**About this exercise**.
Reproduce the records precisely. Omit every picture.

**Data excerpts**.
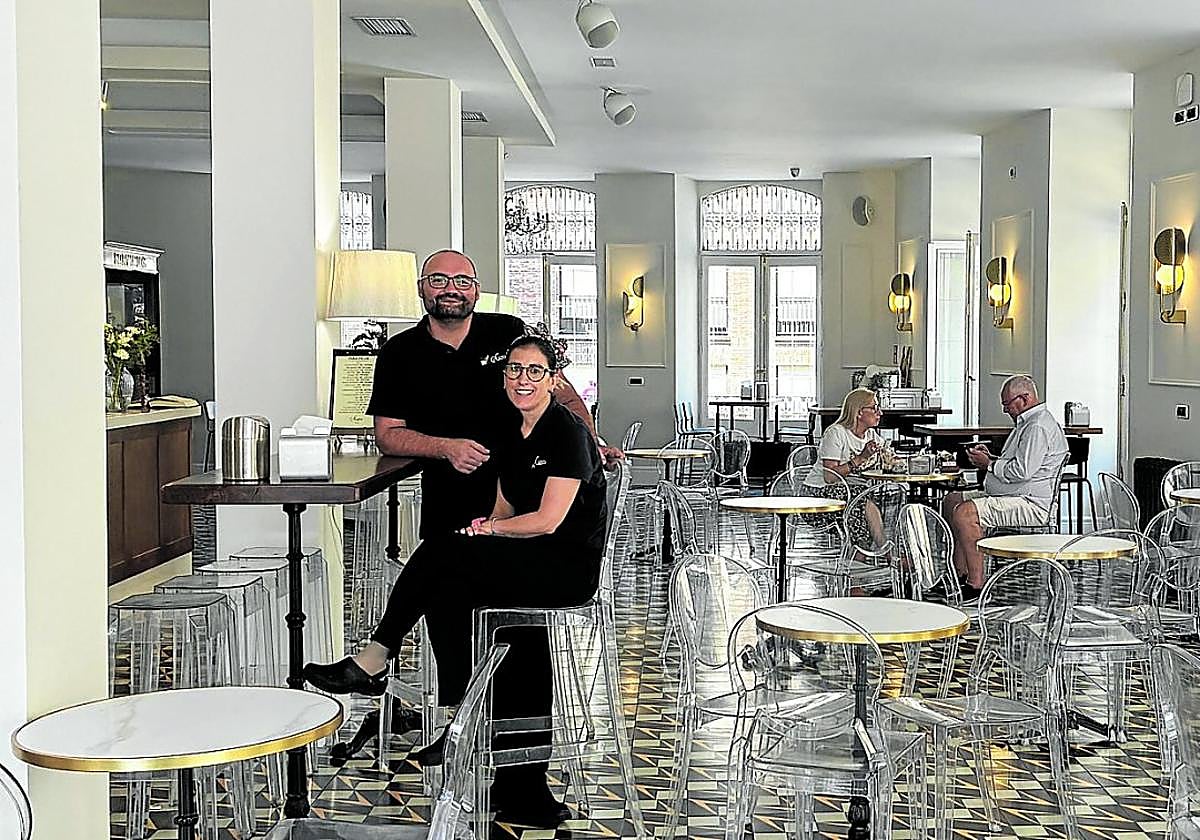 Alejandro y María, en el mítico salón rodeado de ventanales.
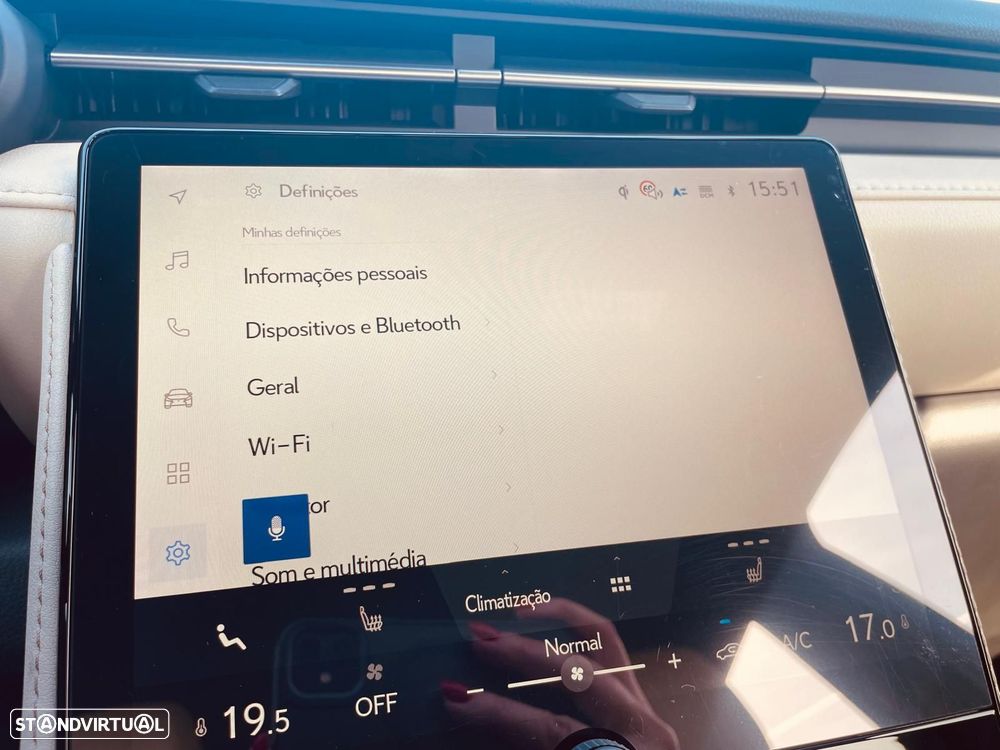 Lexus LBX Elegant - 19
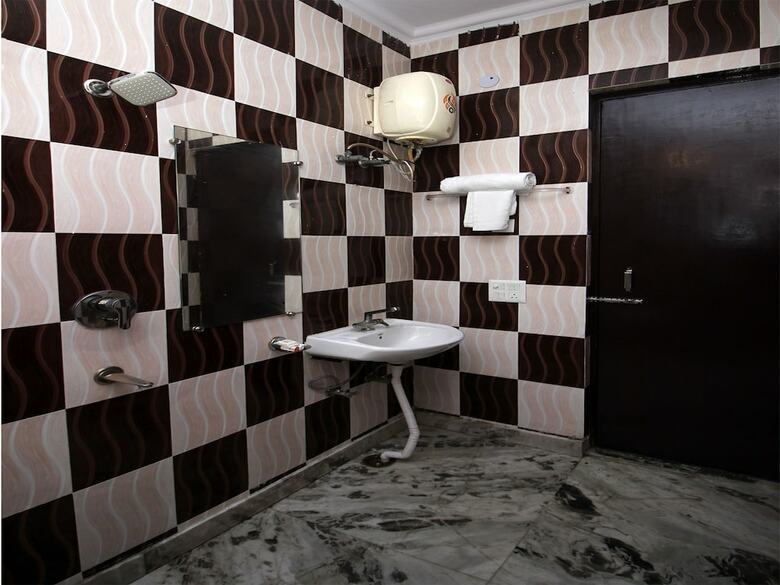 Oyo 9192 Hotel Raghav Residency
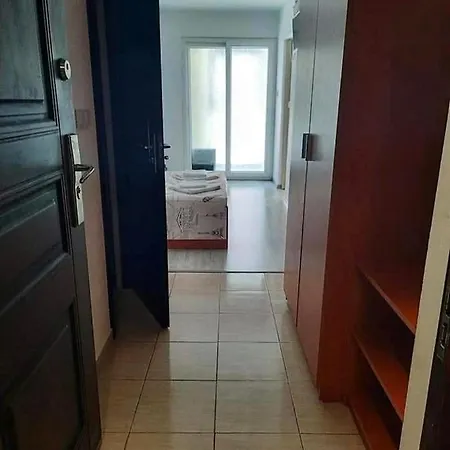 Alexandra Apartment *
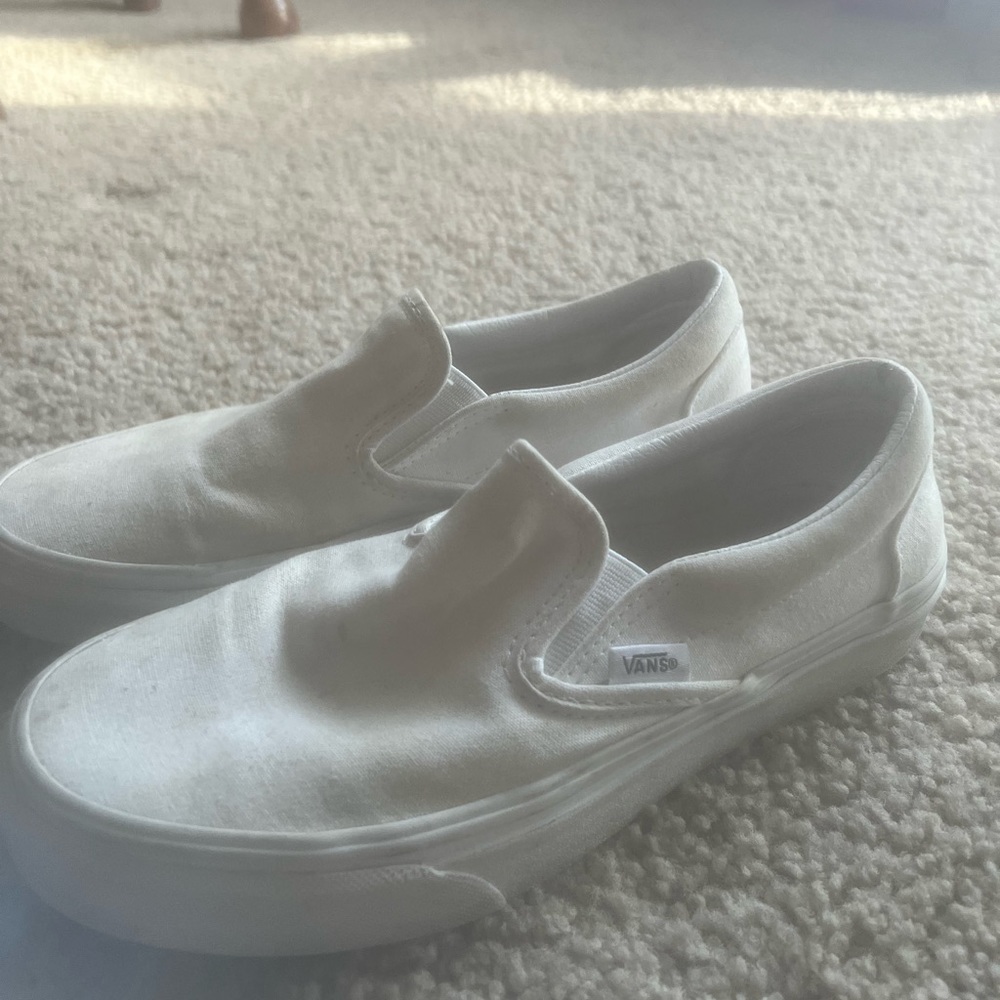 White slip on vans women’s size 7.5 🫶🏼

**Reply**.
 Alejandro y María, en el mítico salón rodeado de ventanales.
 Lexus LBX Elegant - 19
 Oyo 9192 Hotel Raghav Residency
 Alexandra Apartment *
 White slip on vans women’s size 7.5 🫶🏼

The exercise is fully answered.